Over 90% of Brits are aware of their own personal financial position and the level of debt they currently carry, according to research issued today by accounting software company, Accountz.

The survey, conducted prior to the recent announcement that 6 million of us now owe the taxman a staggering £2 billion in underpayments, found that up to that point 92.2% of the sample was fully aware of what they owed in various debts and liabilities including mortgages, credit card debt and overdrafts.

The research also found that the UK consumer is highly astute when it comes to money management. Just over one third (36.4%) of the sample knew the level of interest on their personal overdraft and a further 30.5% had no overdraft at all.

Key findings include:

- One third — or 33.1% - had no idea what interest rate was charged on their overdraft.

- 61.6% of the sample knew the exact amount of interest being applied to their savings account.

- Just under two thirds (65%) knew exactly how much tax they had paid last year, and 77% of the sample knew their own personal tax code.

Quentin Pain, Founder of Accountz, stated: “The Office of Budget Responsibility is predicting that household debt will stand at roughly £1,823bn by the end of 2015, which is a daily increase of £159m between now and then. This takes the average household debt to about £72,341.”

“Interestingly over the past 12 months this level of debt has only increased by 0.8% which is relatively flat year on year, indicating that us Brits are taking the issue of debt seriously and beginning to pay back the money we owe.”

The latest borrowing figures out in July from the building societies reported that consumers actually repaid £379m more than borrowings. Furthermore, with interest rates so low the societies also reported over £1.3bn in savings being withdrawn as people pay down debt as opposed to save.
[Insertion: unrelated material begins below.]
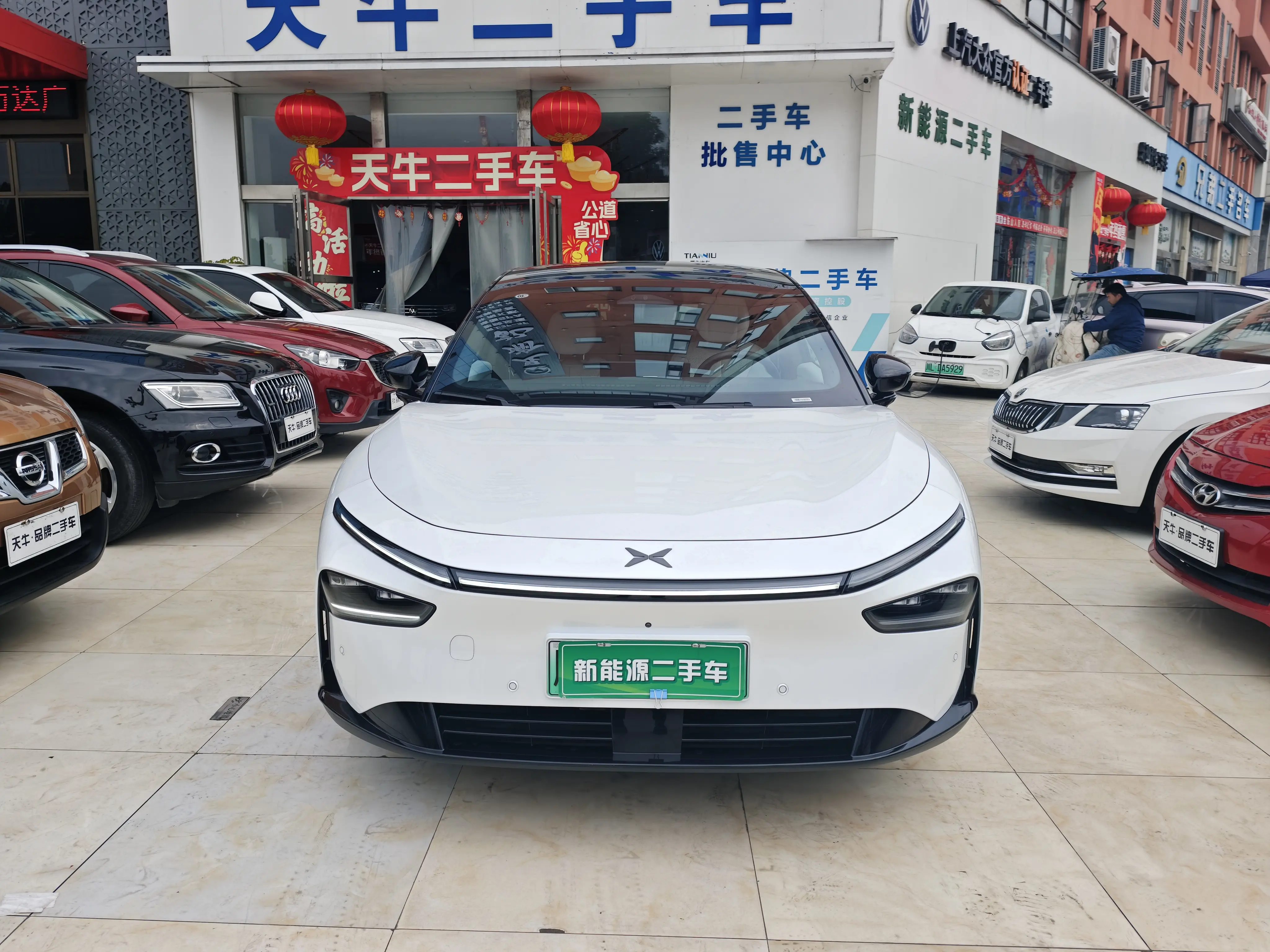 Xpeng P7+  из Китая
“This high level of awareness over personal debt indicates that now more than ever us Brits are becoming more astute in money management. Increasingly people are using software applications such as Home Accountz to track, record and manage their money. After all increased measurement leads to improved money management,” added Quentin.

“The tragedy for many money-conscious people is that while they appear to be on top of personal debt, acutely aware of their personal liabilities, thinking they are in control of their income, along comes HMRC with a sting in its tail. There is no doubt that tax demands against income already taxed will hit people hard, no matter how careful they have been.”

“The lesson HMRC needs to take from this research is that the British are financially savvy and running tight household budgets as it is. It needs to act sympathetically and accept totally its own liability in this mess and work with taxpayers on repayment schedules to suit them and not the government,” concluded Quentin.